In contrast with several other large studies in which white women had a higher prevalence of urinary incontinence and pelvic organ prolapse than did black or Hispanic women,11,37–40
we found no difference in prevalence in comparisons of black, non-Hispanic white, or Hispanic women. We did not categorize urinary incontinence by subtype (stress or urge) in this analysis, which may account for this difference. A recent analysis using earlier NHANES data (2001–2004) found a higher prevalence of stress urinary incontinence in white and Mexican American women than black women, but no differences in other incontinence subtypes.41
Although national hospital discharge statistics show that black women have lower rates of prolapse surgery than white women,41
this difference cannot be attributed to just race. Many factors, including access to care, contribute to the decision to undergo surgery, and therefore to surgical prevalence rates.
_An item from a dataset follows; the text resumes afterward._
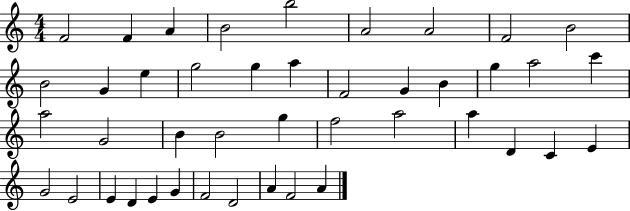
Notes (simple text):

F4/h F4/q A4/q B4/h B5/h A4/h A4/h F4/h B4/h B4/h G4/q E5/q G5/h G5/q A5/q F4/h G4/q B4/q G5/q A5/h C6/q A5/h G4/h B4/q B4/h G5/q F5/h A5/h A5/q D4/q C4/q E4/q G4/h E4/h E4/q D4/q E4/q G4/q F4/h D4/h A4/q F4/h A4/q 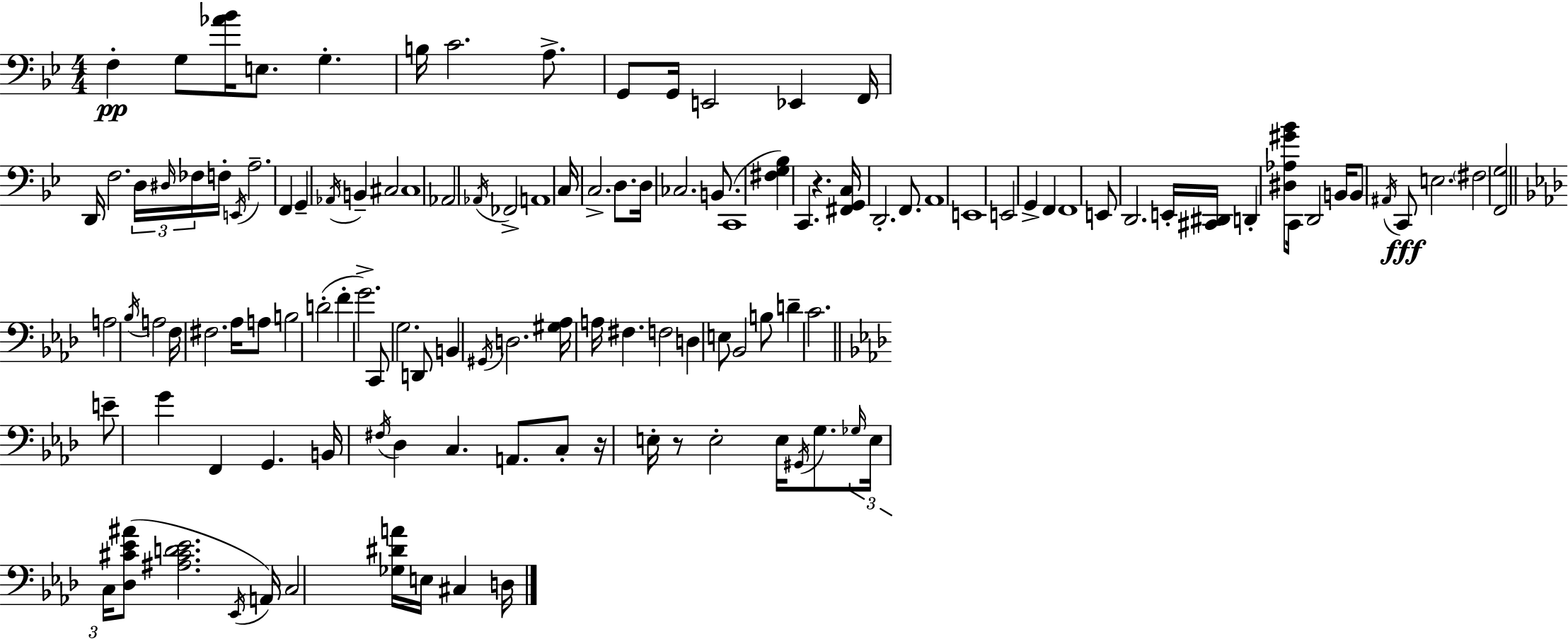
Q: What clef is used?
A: bass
Because we have no information about treatment for pelvic floor disorders, we cannot comment on whether treatment varies by race/ethnicity in our sample. Although Hispanic women were less likely than white or black women to report fecal incontinence in our study, other studies found no such difference in community-dwelling adults.15,17
Further research is needed to better characterize racial and ethnic variations in pelvic floor disorders and to understand why such differences exist. In addition, although the sample sizes were adequate to describe prevalence rates by demographic characteristics, they were too small to provide meaningful estimates of adjusted risk factors, including the effect of delivery type on pelvic floor disorders. Additional years of data will allow for these analyses.
In conclusion, pelvic floor disorders affect a substantial proportion of women and increase with age. Indeed, in a health maintenance organization, older women generated 10 times the number of consults per 1000 women-years for treatment of pelvic floor disorders than did younger women.42
Given the burden pelvic floor disorders place on US women and the health care system, research is needed to further understand their pathophysiology, prevention, and treatment.